Historic house in Massachusetts, United States

The Oliver House, also known as the Smith-Oliver House, is a historic house at 58 Oak Street in Wakefield, Massachusetts. Probably built in the late 18th century, this Federal period house is distinctive for its association with the now-suburban area's agrarian past, and as a two-family residence of the period, with two "Beverly jogs". The house was listed on the National Register of Historic Places in 2014.

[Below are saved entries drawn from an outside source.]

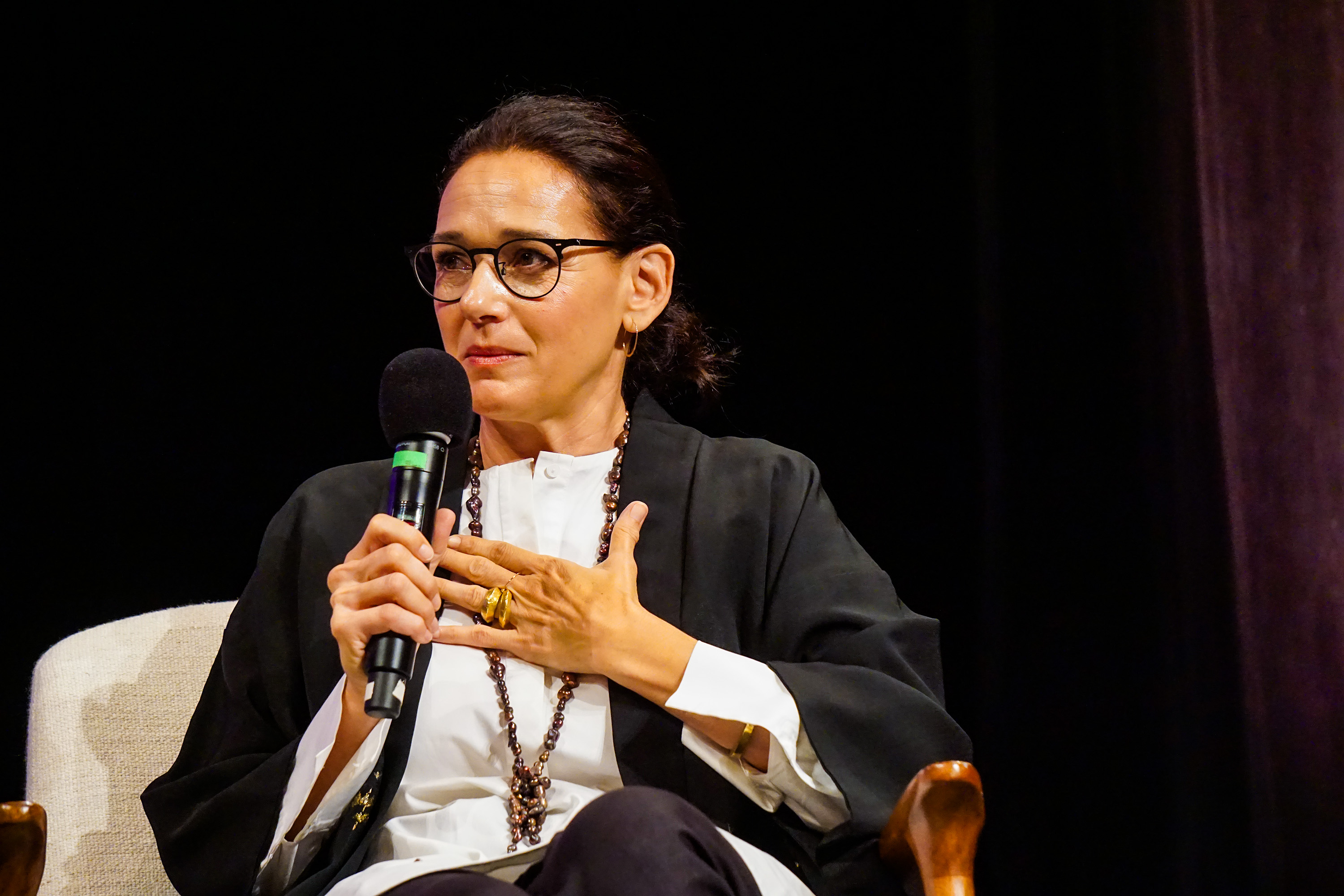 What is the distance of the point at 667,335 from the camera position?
78.0 inches

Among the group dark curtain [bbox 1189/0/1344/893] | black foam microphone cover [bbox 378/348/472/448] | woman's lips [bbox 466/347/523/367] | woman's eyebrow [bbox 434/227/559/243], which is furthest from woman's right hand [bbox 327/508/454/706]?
dark curtain [bbox 1189/0/1344/893]

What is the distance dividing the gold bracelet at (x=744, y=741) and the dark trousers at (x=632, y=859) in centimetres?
18

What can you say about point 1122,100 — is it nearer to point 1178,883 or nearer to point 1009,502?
point 1009,502

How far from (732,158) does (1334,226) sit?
1.14 m

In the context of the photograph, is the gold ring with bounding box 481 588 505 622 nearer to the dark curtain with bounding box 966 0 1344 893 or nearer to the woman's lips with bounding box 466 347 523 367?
the woman's lips with bounding box 466 347 523 367

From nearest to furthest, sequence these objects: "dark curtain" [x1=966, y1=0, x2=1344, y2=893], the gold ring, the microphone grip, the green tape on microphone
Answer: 1. the microphone grip
2. the green tape on microphone
3. the gold ring
4. "dark curtain" [x1=966, y1=0, x2=1344, y2=893]

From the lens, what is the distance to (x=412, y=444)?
118 cm

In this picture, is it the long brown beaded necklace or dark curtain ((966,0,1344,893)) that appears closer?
the long brown beaded necklace

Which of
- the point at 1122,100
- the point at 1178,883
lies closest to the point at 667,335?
the point at 1122,100

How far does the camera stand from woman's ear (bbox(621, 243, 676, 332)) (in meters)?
1.80

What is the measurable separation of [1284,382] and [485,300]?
1.29 meters

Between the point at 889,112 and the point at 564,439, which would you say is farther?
the point at 889,112

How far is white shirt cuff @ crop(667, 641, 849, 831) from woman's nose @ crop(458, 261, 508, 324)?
54 cm

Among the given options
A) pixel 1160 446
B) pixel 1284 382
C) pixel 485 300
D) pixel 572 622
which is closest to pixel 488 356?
pixel 485 300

==Description and history==
The Oliver House is located at the northwest corner of Oak Street and Crosby Road in the Greenwood section of southern Wakefield. It is a 2 1/2-story wood-frame structure, five bays wide, with a side-gable roof and clapboard siding. The entrance, at the center of the south-facing facade, is flanked by fluted pilasters, and is topped by a transom window and projecting lintel. The rear of the house has several additions built under a roof that slopes down to the first floor, giving the house a saltbox profile. The outer additions extend beyond the sides of the main block, a local example of a "Beverly jog". These additions each added a kitchen to the building. The interior of the house has well-preserved Federal period woodwork.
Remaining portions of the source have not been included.